Speaking at the African Securities Exchanges Association Conference in Lagos, Ms Oniha was examining the topic of inclusive growth in Africa, primarily pertaining to digital finance, financial literacy, and the democratisation of wealth.
She revealed that this amount had been raised through the creation of the Federal Government Savings Bond in March 2017, which attracted a phenomenal 13,200 retail investors to the market.
The Federal Government Savings Bond and failing financial inclusion
Introduced in March 2017, the Federal Government Savings Bond was developed to boost domestic investor participation in the bond market. Functioning similarly to the RSA bonds offered by the government of South Africa, for example, it is essentially a type of debt-based investment, where money is loaned to the government in return for an agreed rate of interest.
Arguably successful in the realisation of this aim, the programme attracted 13,200 retail investors, who between them raised N10.5 billion. However, Ms Oniha lamented that this sum was minimal when one considered the amount spent by the government on the enlightenment campaign.
She suggested this was an indication of how much still needs to be done to strengthen financial inclusion within the country, and stated that the Federal Government’s target had not actually been met, despite the sum realised.
Ms Oniha further went on to share her insights into what could be done next, stating that one possibility being considered by the Debt Management Office is the potential use of phones – a strategy currently utilised in Kenya. This would allow investors to more directly participate in government securities.
She explained: “The issue around what technology can do in terms of raising capital is extremely important to us. We traditionally… have been serving only a segment of the market – the institutional investors and foreign investors – [and] there is no buy-side from the retail investors because they need to be knowledgeable and familiar to invest in the sovereign bond.”
Looking to technology
Ms Oniha is not the only person to voice such views. Mr Albert Wigwe, the Managing Director of Access Bank Plc, also suggested that larger numbers of people could be reached via technology and its application.

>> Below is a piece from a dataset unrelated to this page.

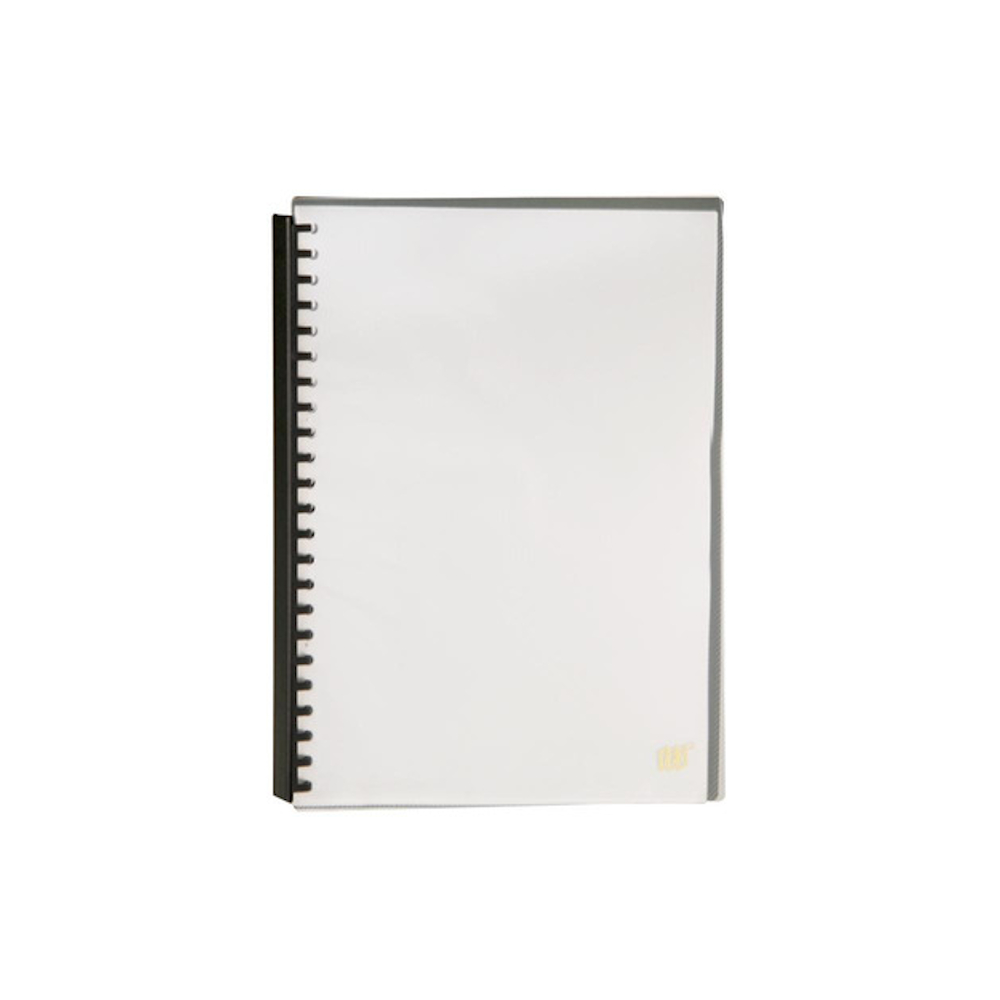 Pasta Catalogo 20 Folhas Espiral - cristal Pasta Catalogo 20 Folhas Espiral - cristal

Talking on the topic, he focused on the avalanche of technological changes which the world is currently experiencing, and noted that these could be used to reach more individuals and to enhance the service delivery provided by financial institutions.
He said: “The traditional way to make money is vanishing, so we need to look at other ways to make money and cut cost. We have 65 percent of Nigerians who are youths and they are an important segment of the society. At Access Bank, we are using technology to reach [them] and change how people transact.”
He specifically noted how phones are being used to replace cards and carry out business transactions even in the remotest of areas, suggesting that this is something both governments and financial institutions must take note of moving forward.
Could it be that the entire bonds market is now on the brink of a new and profitable revolution?